P. V. S., Avinesh (2020)
Information Preparation with the Human in the Loop.
Technische Universität Darmstadt
doi: 10.25534/tuprints-00011839
Dissertation, Erstveröffentlichung
Kurzbeschreibung (Abstract)
With the advent of the World Wide Web (WWW) and the rise of digital media consumption, abundant information is available nowadays for any topic. But these days users often suffer from information overload posing a great challenge for finding relevant and important information. To alleviate this information overload and provide significant value to the users, there is a need for automatic information preparation methods. Such methods need to support users by discovering and recommending important information while filtering redundant and irrelevant information. They need to ensure that the users do not drown in, but rather benefit from the prepared information. However, the definition of what is relevant and important is subjective and highly specific to the user’s information need and the task at hand. Therefore, a method must continually learn from the feedback of its users. In this thesis, we propose new approaches to put the human in the loop in order to interactively prepare information along the three major lines of research: information aggregation, condensation, and recommendation.
For multiple well-studied tasks in natural language processing, we point out the limitation of existing methods and discuss how our approach can successfully close the gap to the human upper bound by considering user feedback and adapting to the user’s information need. We put a particular focus on applications in digital journalism and introduce the new task of live blog summarization. We show that the corpora we create for this task are highly heterogeneous as compared to the standard summarization datasets which pose new challenges to previously proposed non-interactive methods.
One way to alleviate information overload is information aggregation. We focus on the corresponding task of multi-document summarization and argue that previously proposed methods are of limited usefulness in the real-world application as they do not take the users’ goal into account. To address these drawbacks, we propose an interactive summarization loop to iteratively create and refine multi-document summaries based on the users’ feedback. We investigate sampling strategies based on active machine learning and joint optimization to reduce the number of iterations and the amount of user feedback required. Our approach significantly improves the quality of the summaries and reaches a performance near the human upper bound. We present a system demonstration implementing the interactive summarization loop, study its scalability, and highlight its use cases in exploring document collections and creating focused summaries in journalism.

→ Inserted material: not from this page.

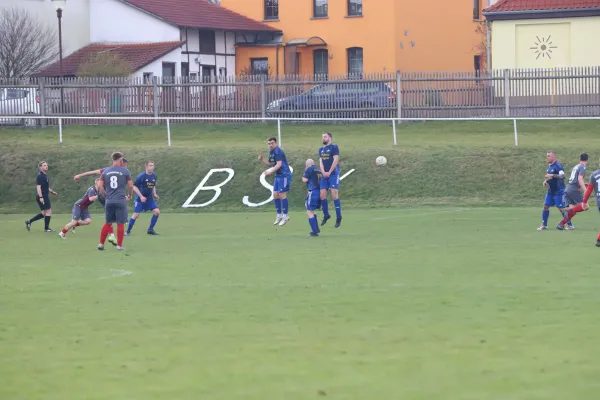 Bodelwitzer SV - SG Dittersdorf I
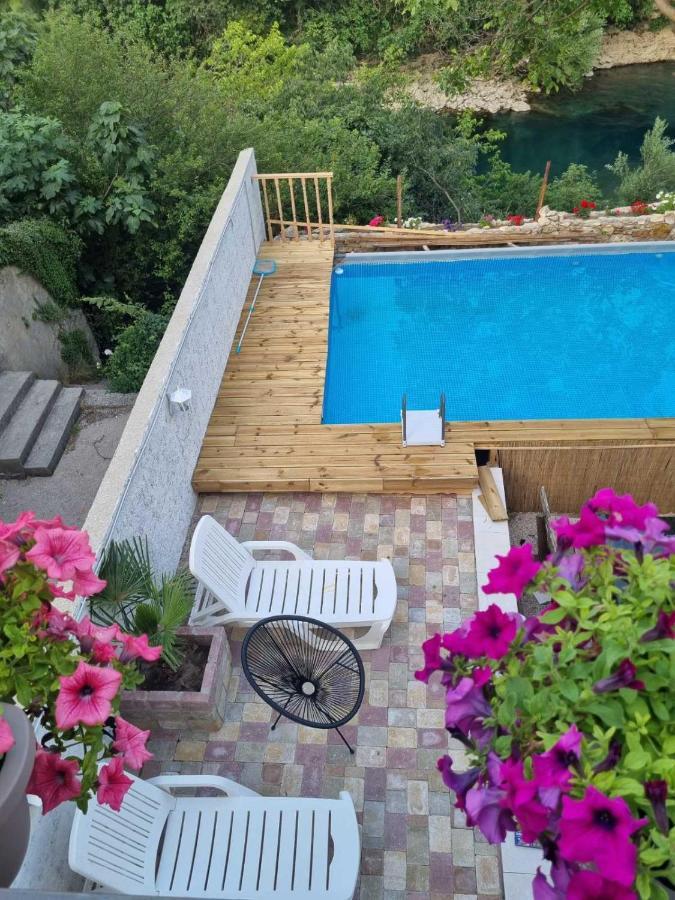 Villa Central Riverside Mostar Kültér fotó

For information condensation, we investigate a text compression setup. We address the problem of neural models requiring huge amounts of training data and propose a new interactive text compression method to reduce the need for large-scale annotated data. We employ state-of-the-art Seq2Seq text compression methods as our base models and propose an active learning setup with multiple sampling strategies to efficiently use minimal training data. We find that our method significantly reduces the amount of data needed to train and that it adapts well to new datasets and domains.
We finally focus on information recommendation and discuss the need for explainable models in machine learning. We propose a new joint recommendation system of rating prediction and review summarization, which shows major improvements over state-of-the-art systems in both the rating prediction and the review summarization task. By solving this task jointly based on multi-task learning techniques, we furthermore obtain explanations for a rating by showing the generated review summary marked based on the model’s attention and a histogram of user preferences learned from the reviews of the users.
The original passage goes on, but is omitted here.